## Records supplied
-.-.-

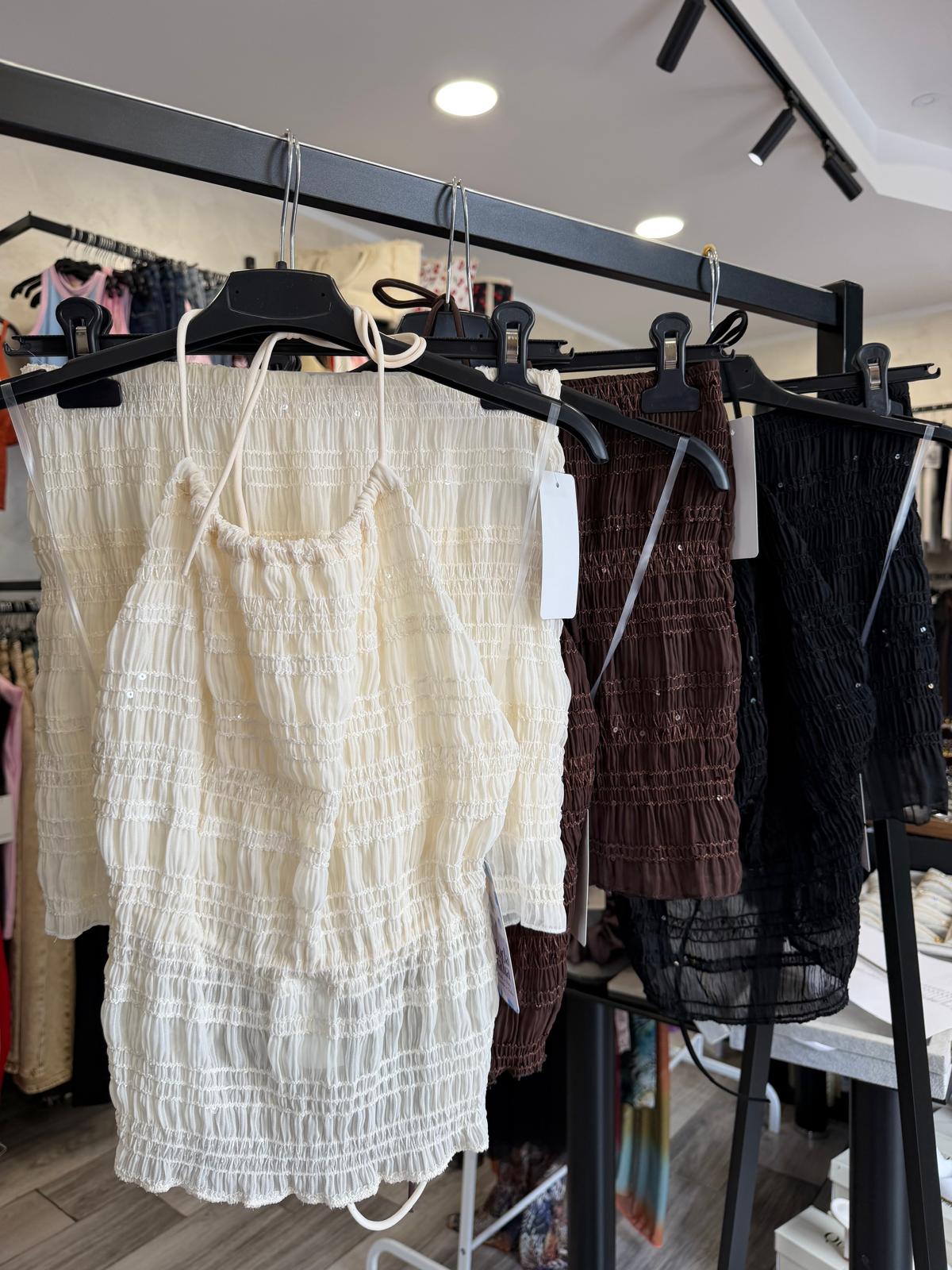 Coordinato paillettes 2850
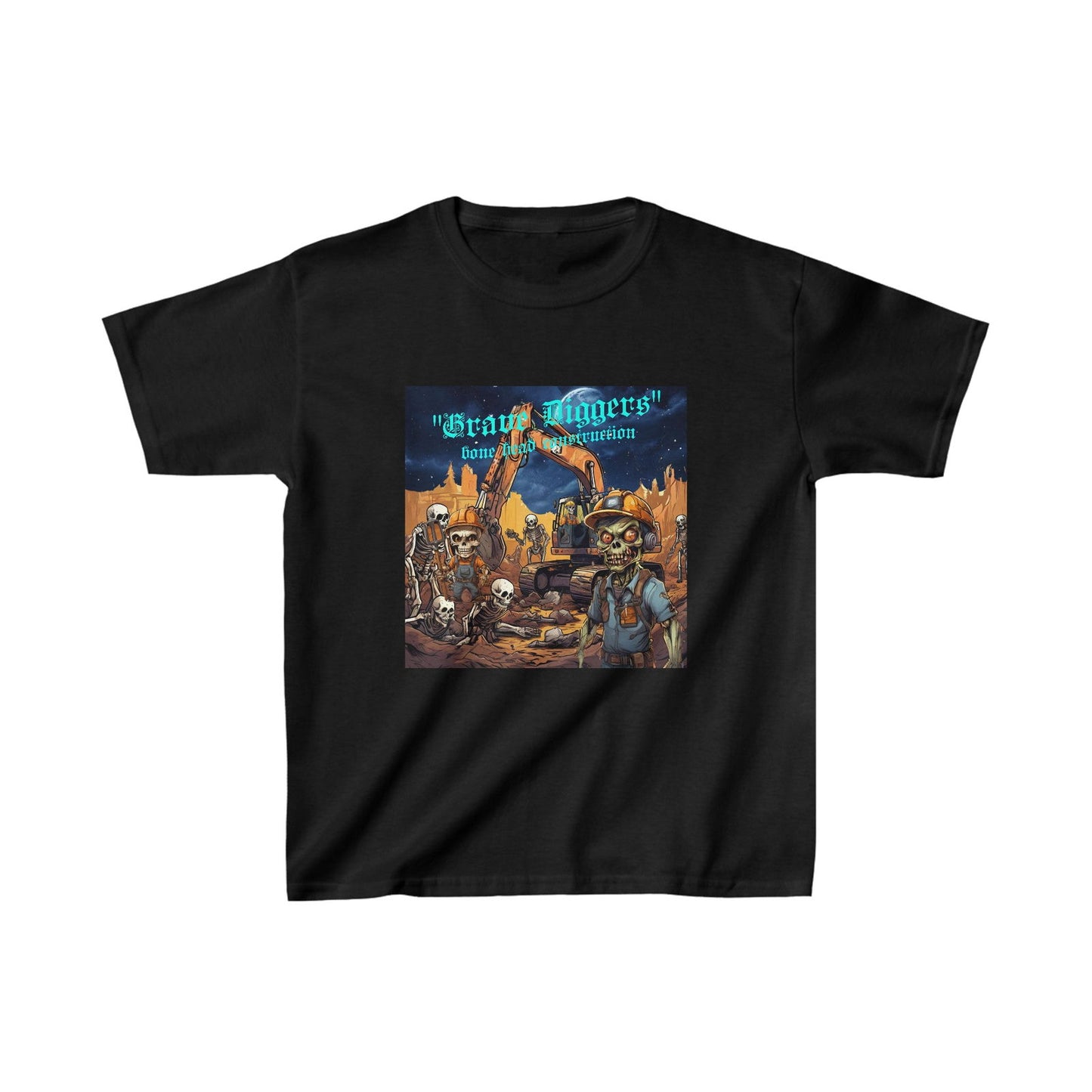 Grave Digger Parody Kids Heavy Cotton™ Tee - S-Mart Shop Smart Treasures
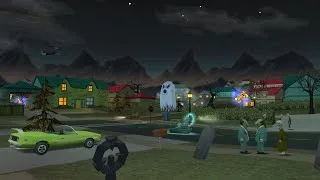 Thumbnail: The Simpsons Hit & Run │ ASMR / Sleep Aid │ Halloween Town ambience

-.-.-

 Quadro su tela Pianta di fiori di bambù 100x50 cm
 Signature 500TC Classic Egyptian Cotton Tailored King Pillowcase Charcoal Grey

-.-.-

Within the listing above, the lines from the one with "Coordinato paillettes 2850" through the one with "Thumbnail: The Simpsons" are to be given again word for word. Do not include pictures.

 Coordinato paillettes 2850
 Grave Digger Parody Kids Heavy Cotton™ Tee - S-Mart Shop Smart Treasures
 Thumbnail: The Simpsons Hit & Run │ ASMR / Sleep Aid │ Halloween Town ambience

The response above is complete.